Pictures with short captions
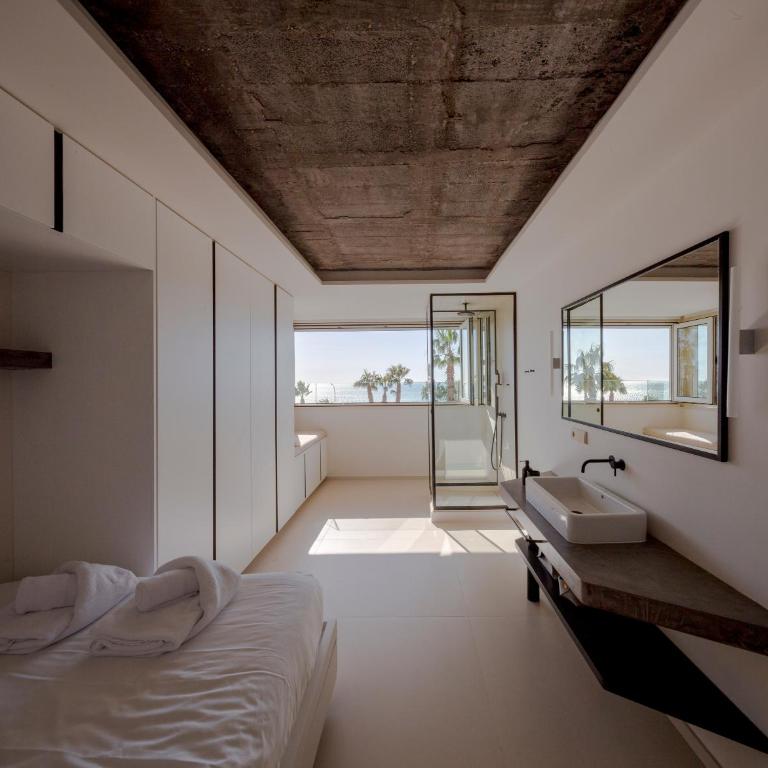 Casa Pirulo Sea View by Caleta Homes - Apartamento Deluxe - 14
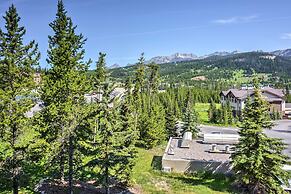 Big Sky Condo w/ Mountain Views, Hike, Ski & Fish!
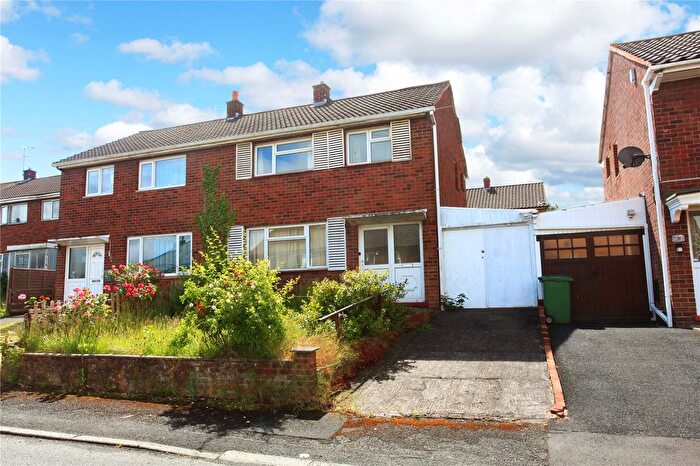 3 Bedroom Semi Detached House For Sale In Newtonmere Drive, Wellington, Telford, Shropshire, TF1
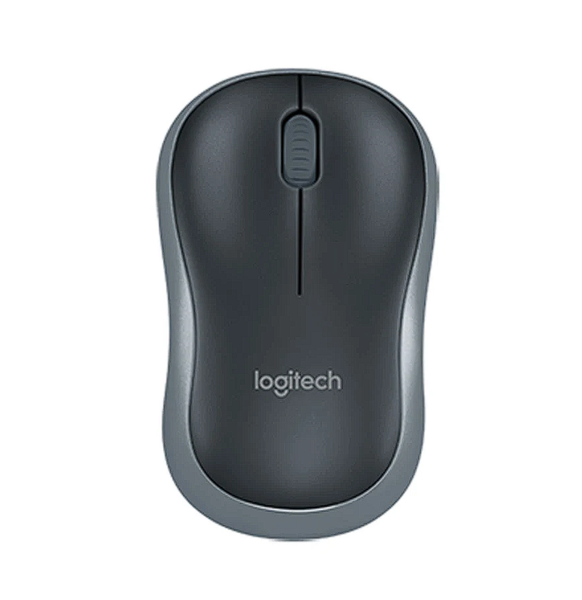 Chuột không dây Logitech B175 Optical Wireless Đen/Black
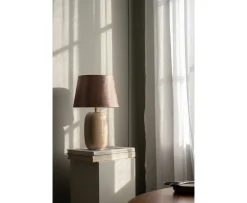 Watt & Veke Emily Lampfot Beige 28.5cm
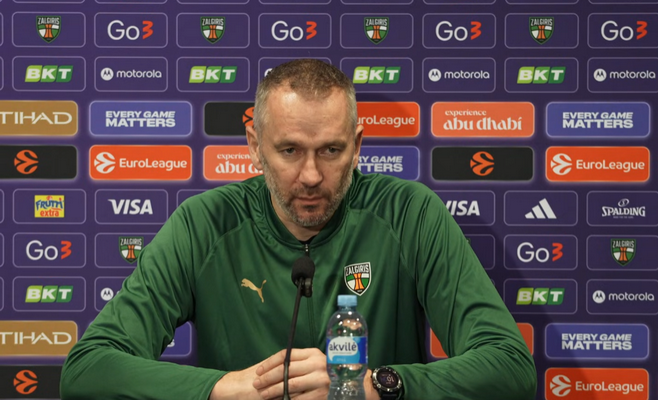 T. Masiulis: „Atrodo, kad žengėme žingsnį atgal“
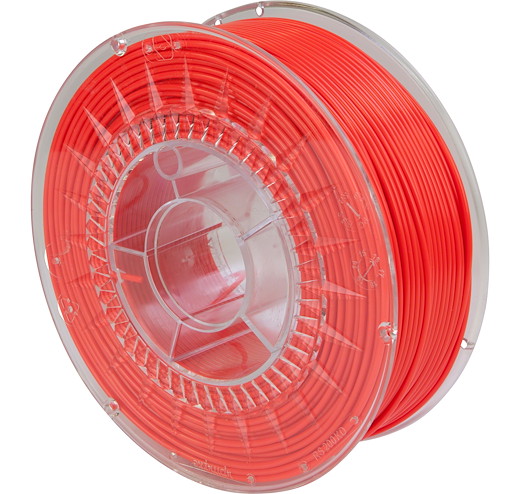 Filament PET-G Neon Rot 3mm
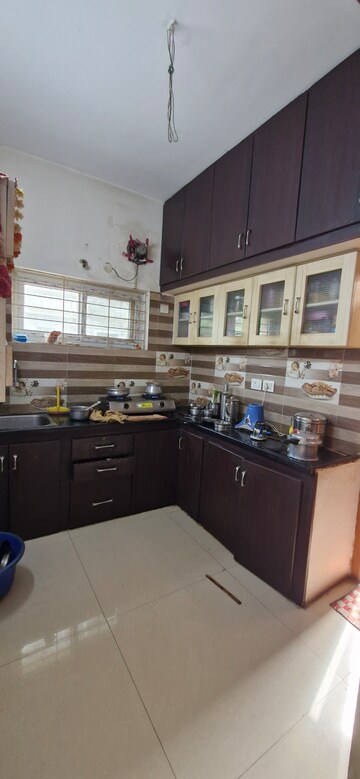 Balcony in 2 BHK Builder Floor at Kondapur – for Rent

◆ **WHAT YOU HAVE TO DO**: Leave the pictures out, then output exactly the lines from the "T. Masiulis: „Atrodo, kad" line through the end of the records above, and no others.

◆ **TASK ANSWER**:
 T. Masiulis: „Atrodo, kad žengėme žingsnį atgal“
 Filament PET-G Neon Rot 3mm
 Balcony in 2 BHK Builder Floor at Kondapur – for Rent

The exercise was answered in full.